The bits of the remainder are sent MSB first, and they are mapped into bins so that the LSB is always mapped into the same bin, the next least significant bit into another, and so on. Thus, which bin to map the first bit of the remainder to will depend on the magnitude.
Unclear: If the maximum bit length is 14, there is no need to send a final zero bit in the unary header if the number uses all 14 bits. However, the spec does not specify whether the zero is sent or not, and I have been unable to test this.
Error: The lines
p0 = round(Bn[0] – 2.2076 * S[2] / (2 * S[0]) * (Bn[2] – Bc[2]))
...
p1 = round(Bw[0] – 2.2076 * S[1] / (2 * S[0]) * (Bw[1] – Bc[1]))
...
t0 = Bn[0] * 10000 – 11038 * S[2] * (Bn[2] – Bc[2]) / S[0]
...
t1 = Bw[0] * 10000 – 11038 * S[1] * (Bw[1] – Bc[1]) / S[0]
should actually read
p0 = round(Bn[0] – 2.2076 * S[2] / (2 * S[0]) * (Bn[2] + Bc[2]))
...
p1 = round(Bw[0] – 2.2076 * S[1] / (2 * S[0]) * (Bw[1] + Bc[1]))
...
t0 = Bn[0] * 10000 – 11038 * S[2] * (Bn[2] + Bc[2]) / S[0]
...
t1 = Bw[0] * 10000 – 11038 * S[1] * (Bw[1] + Bc[1]) / S[0]
Error: The lines
d0 += abs(abs(Bn[x]) – abs(Bc[x]))
...
d1 += abs(abs(Bw[x]) – abs(Bc[x])
should actually read
d0 += abs(Bn[x] – Bc[x])
...
d1 += abs(Bw[x] – Bc[x])
Clarification: The calculation of DCp has to be done with 64-bit maths, as it would overflow if done in 32 bits.
Error: The lines
sgnn = Bn[0] < 0
sgnw = Bw[0] < 0
should actually read
sgnn = Bn[0] < DCp
sgnw = Bw[0] < DCp
Clarification: The referenced patent can only be obtained as scanned PDF pages:
http://www.google.com/patents?vid=USPAT4791403
As it contains some very large tables, it is extremely time-consuming to actually implement and be sure that you have gotten all details correct.

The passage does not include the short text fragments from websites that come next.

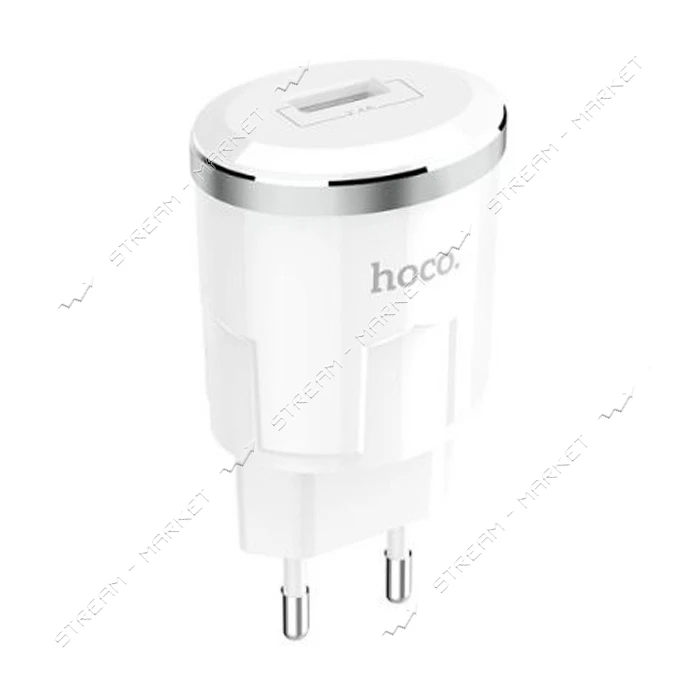 Сетевое зарядное устройство Hoco C37A Thunder 2.4A 1USB белое                                       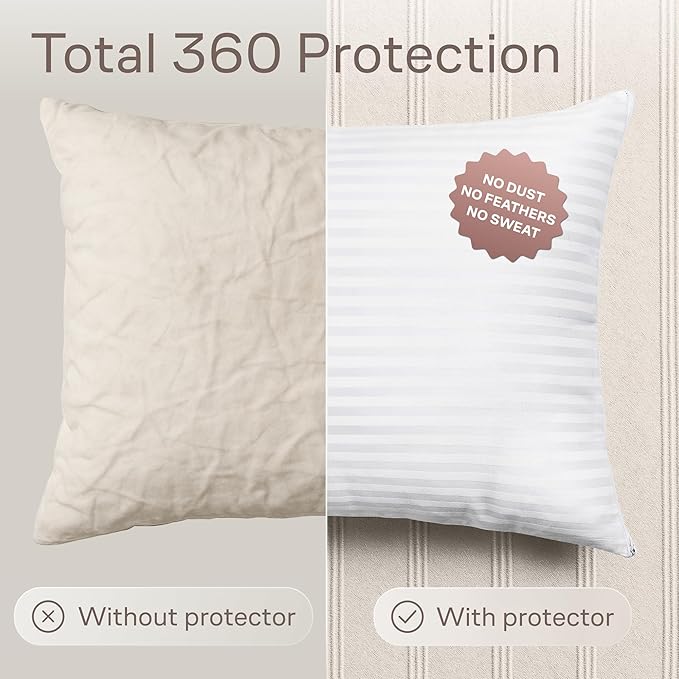 Ultra Soft Pillow Protectors with Zipper King Size - Set of 12 Breathable Pillow Covers - 100% Protection Against Stains, Dust & Dirt - Machine Washable (Dark White)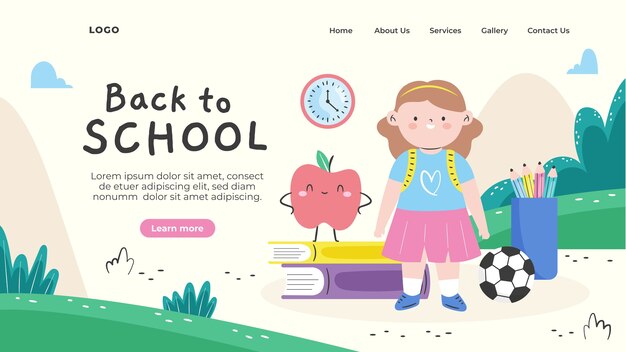 Modello di pagina di destinazione piatta per la stagione di ritorno a scuola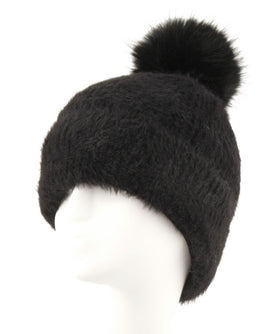 Women Pom Pom Cuffed Beanie Hat Winter Skull Cap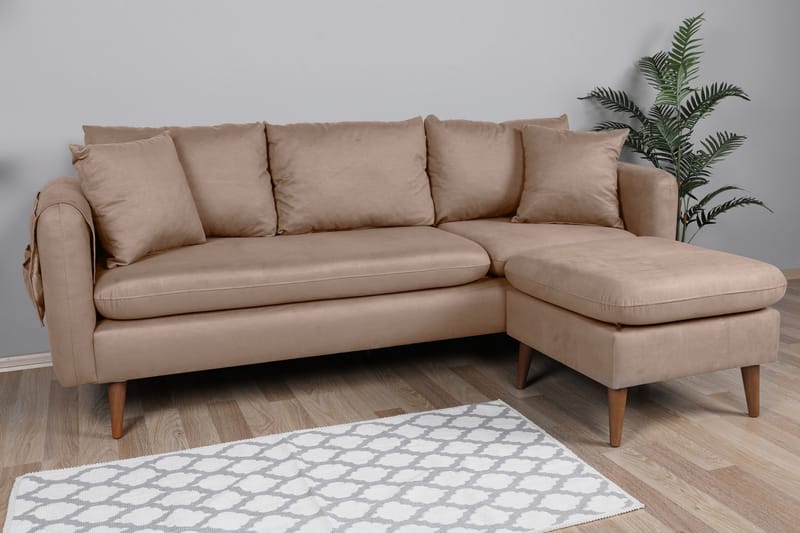 Sofiko Divansofa Høyre - Brun/Natur - Sofa med sjeselong - 4 seters sofa med divan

The tables used in my implementation have been confirmed to match those found in the WinZip implementation. They can be copied from the source code found here:
http://code.google.com/p/theunarchiver/source/browse/XADMaster/WinZipJPEG/ArithmeticDecoder.c
Clarification: Fig. 18 is just an addition at the top of the diagram, while fig. 13 actually involves one addition at the top of the diagram, and removing one element (LOG(I)=0).
Omission: It is unclear what bit precision the implementation of the binary coder in the patent uses, as the language used is mostly entirely unknown these days. However, even though it looks like some values might use 16-bit maths, the implementation in WinZip seems to use 32-bit fields for all internal state. This is important, as some operations might overflow a signed 16-bit value, causing decoding failure.